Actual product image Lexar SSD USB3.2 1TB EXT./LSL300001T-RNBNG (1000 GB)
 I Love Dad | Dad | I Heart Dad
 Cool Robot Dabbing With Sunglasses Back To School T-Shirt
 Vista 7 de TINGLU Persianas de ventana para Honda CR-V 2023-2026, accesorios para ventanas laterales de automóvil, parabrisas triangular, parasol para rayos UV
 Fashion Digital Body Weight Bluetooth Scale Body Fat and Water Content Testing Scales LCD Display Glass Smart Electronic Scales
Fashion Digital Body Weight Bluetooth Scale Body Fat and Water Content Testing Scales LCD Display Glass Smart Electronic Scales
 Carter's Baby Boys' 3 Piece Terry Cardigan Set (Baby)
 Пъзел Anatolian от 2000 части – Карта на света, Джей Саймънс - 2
::::::
[WORK ITEM]:
Each line from the one that contains "I Love Dad | Dad | I Heart Dad" through the end of the material above should be returned exactly, and nothing else.

[RESPONSE AREA]:
 I Love Dad | Dad | I Heart Dad
 Cool Robot Dabbing With Sunglasses Back To School T-Shirt
 Vista 7 de TINGLU Persianas de ventana para Honda CR-V 2023-2026, accesorios para ventanas laterales de automóvil, parabrisas triangular, parasol para rayos UV
 Fashion Digital Body Weight Bluetooth Scale Body Fat and Water Content Testing Scales LCD Display Glass Smart Electronic Scales
Fashion Digital Body Weight Bluetooth Scale Body Fat and Water Content Testing Scales LCD Display Glass Smart Electronic Scales
 Carter's Baby Boys' 3 Piece Terry Cardigan Set (Baby)
 Пъзел Anatolian от 2000 части – Карта на света, Джей Саймънс - 2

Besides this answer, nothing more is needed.